Collected material ::

────────────────────────────────────────

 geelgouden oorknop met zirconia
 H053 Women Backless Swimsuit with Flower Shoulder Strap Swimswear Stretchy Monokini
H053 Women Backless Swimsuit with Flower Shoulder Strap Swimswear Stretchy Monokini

────────────────────────────────────────

Problem requirements :: Tally the lines of the data that hold the string "Swimswear". Answer with the number and nothing more.

Your response :: 2